■ YOUR INSTRUCTIONS
Retype the lines from the first one in the records down to the line containing "vintage inspired kiss lock satchel bag", counting both, and leave out any pictures.
Top of RECORDS TO PROCESS
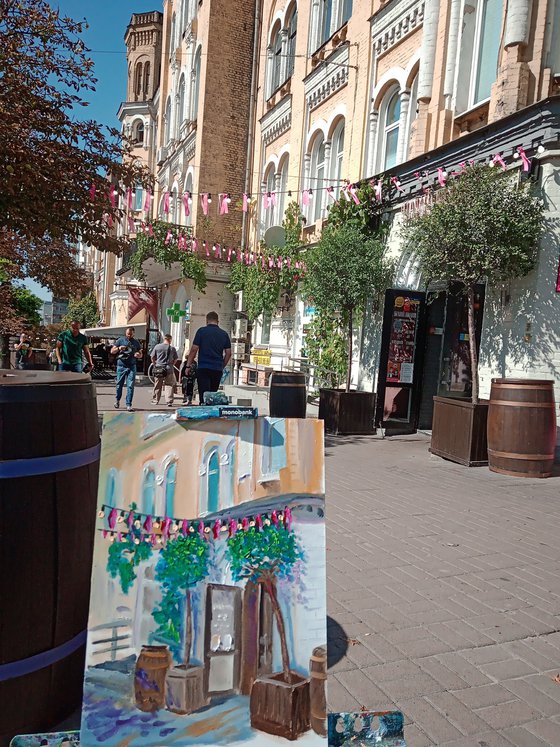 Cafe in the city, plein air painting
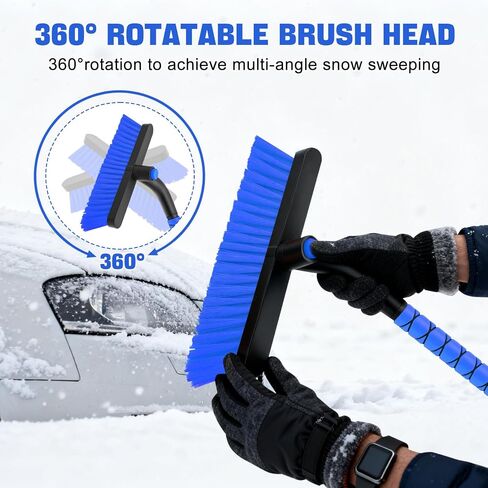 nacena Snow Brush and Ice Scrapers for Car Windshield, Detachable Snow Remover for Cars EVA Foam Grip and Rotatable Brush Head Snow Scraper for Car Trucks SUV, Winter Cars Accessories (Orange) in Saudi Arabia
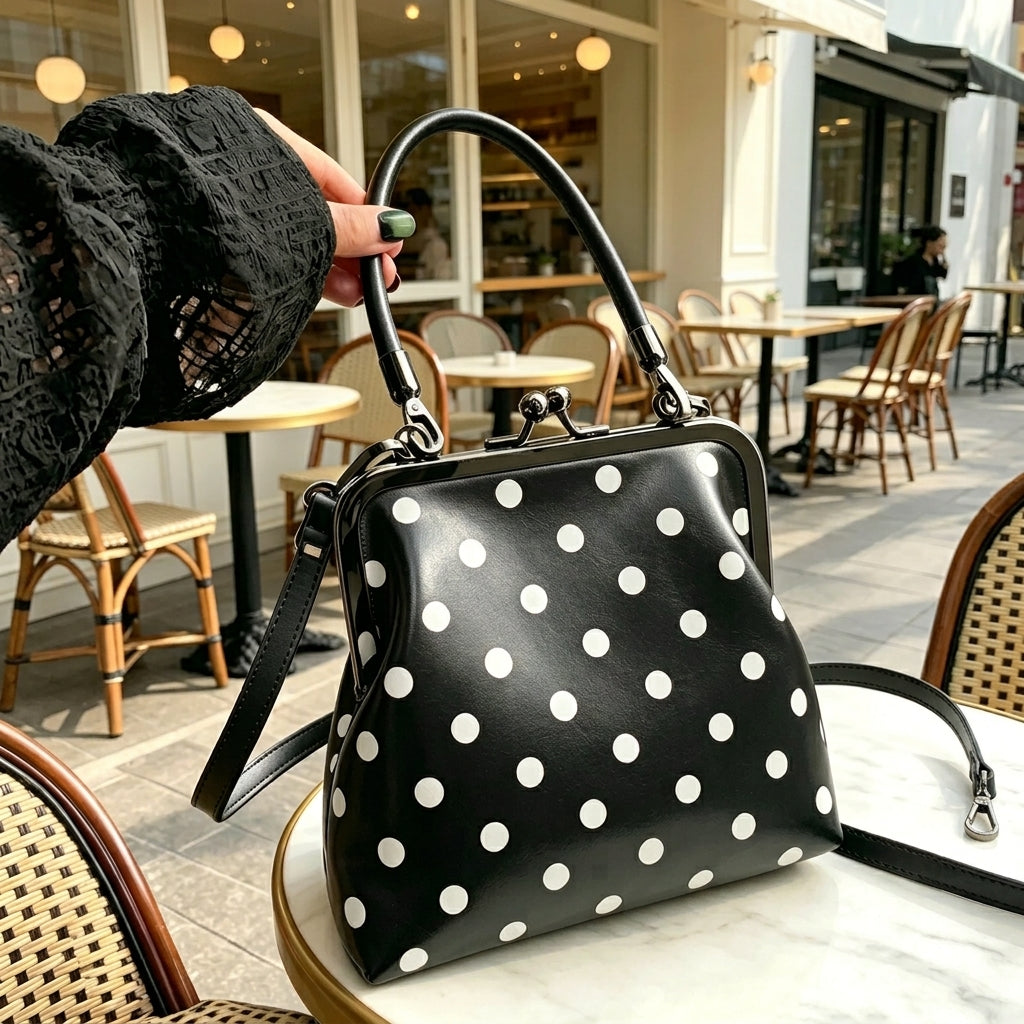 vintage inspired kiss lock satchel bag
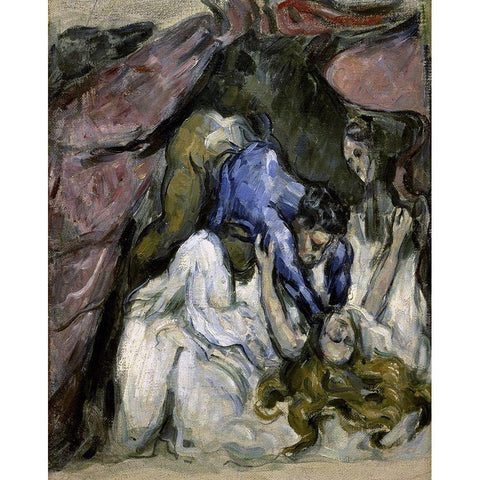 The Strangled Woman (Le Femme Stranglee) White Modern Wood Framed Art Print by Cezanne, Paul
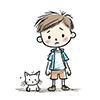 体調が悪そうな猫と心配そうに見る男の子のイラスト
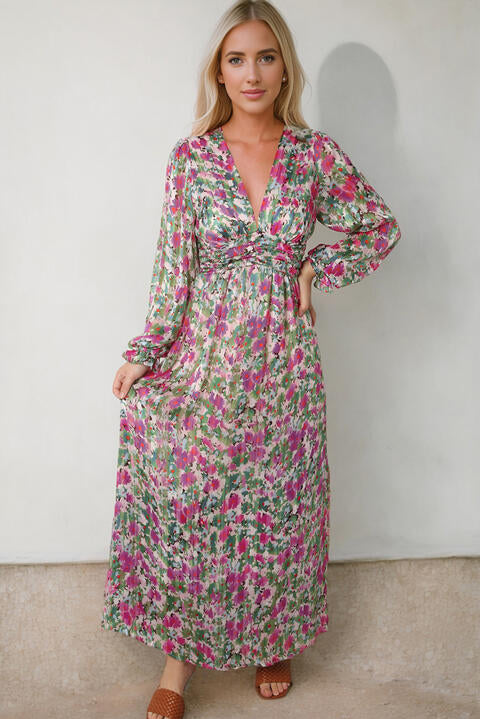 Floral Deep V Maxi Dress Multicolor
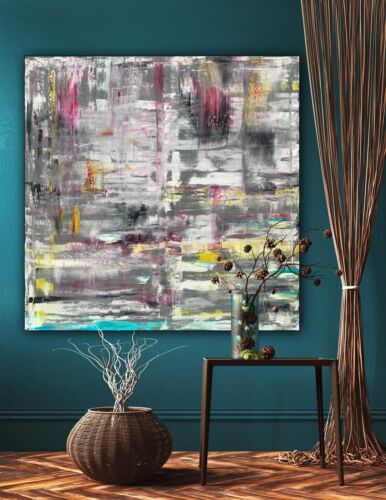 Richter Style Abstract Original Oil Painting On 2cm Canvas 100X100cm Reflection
Bottom of RECORDS TO PROCESS
■ RESULT FOR THIS TASK
 Cafe in the city, plein air painting
 nacena Snow Brush and Ice Scrapers for Car Windshield, Detachable Snow Remover for Cars EVA Foam Grip and Rotatable Brush Head Snow Scraper for Car Trucks SUV, Winter Cars Accessories (Orange) in Saudi Arabia
 vintage inspired kiss lock satchel bag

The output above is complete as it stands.